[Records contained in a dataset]
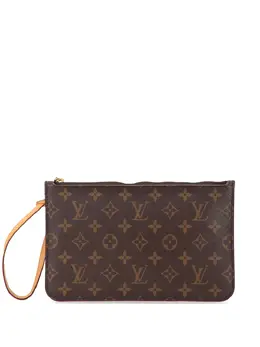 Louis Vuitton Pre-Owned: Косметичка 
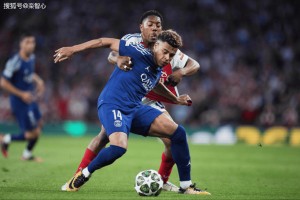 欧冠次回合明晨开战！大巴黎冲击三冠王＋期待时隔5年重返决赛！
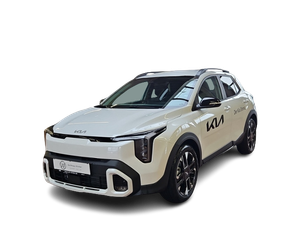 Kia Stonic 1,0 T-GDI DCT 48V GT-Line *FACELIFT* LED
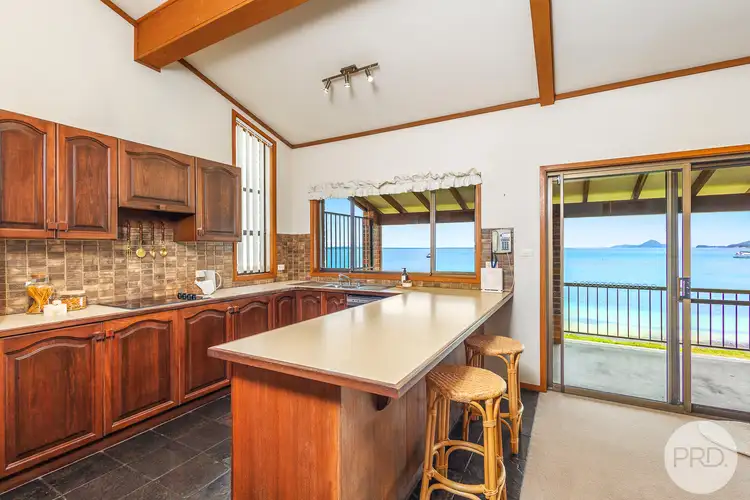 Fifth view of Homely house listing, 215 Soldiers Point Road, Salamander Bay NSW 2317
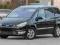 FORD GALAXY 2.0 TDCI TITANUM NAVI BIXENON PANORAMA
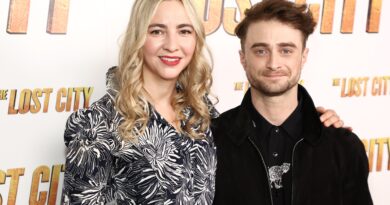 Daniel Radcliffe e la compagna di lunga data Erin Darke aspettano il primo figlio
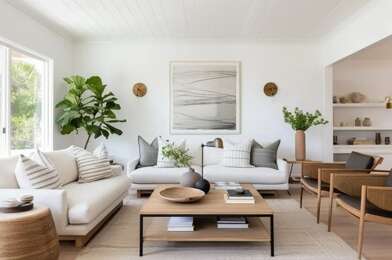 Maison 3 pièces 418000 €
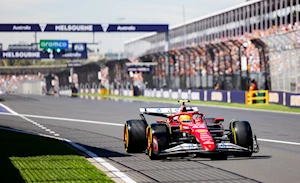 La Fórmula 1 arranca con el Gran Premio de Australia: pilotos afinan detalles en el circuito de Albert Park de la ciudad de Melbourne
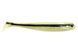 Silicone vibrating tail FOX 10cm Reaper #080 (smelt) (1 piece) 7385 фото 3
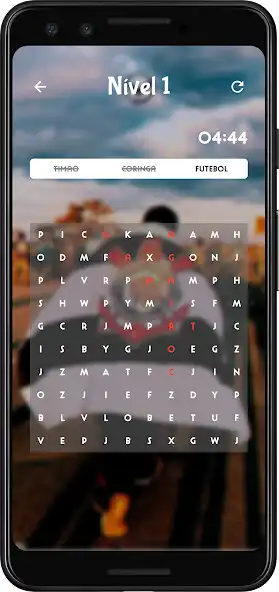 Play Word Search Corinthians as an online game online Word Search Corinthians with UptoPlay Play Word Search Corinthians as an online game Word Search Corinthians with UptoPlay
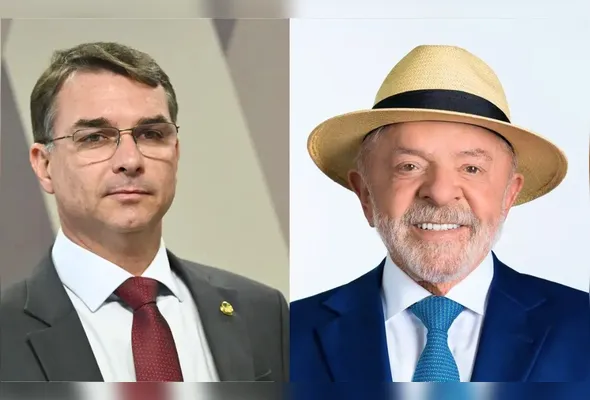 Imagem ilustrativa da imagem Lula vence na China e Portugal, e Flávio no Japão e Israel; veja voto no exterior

» Task objective:
Your answer must be the exact lines from the records above, from the one containing "Fifth view of" through the one containing "La Fórmula 1", both included, with every picture left out.

» Task result:
 Fifth view of Homely house listing, 215 Soldiers Point Road, Salamander Bay NSW 2317
 FORD GALAXY 2.0 TDCI TITANUM NAVI BIXENON PANORAMA
 Daniel Radcliffe e la compagna di lunga data Erin Darke aspettano il primo figlio
 Maison 3 pièces 418000 €
 La Fórmula 1 arranca con el Gran Premio de Australia: pilotos afinan detalles en el circuito de Albert Park de la ciudad de Melbourne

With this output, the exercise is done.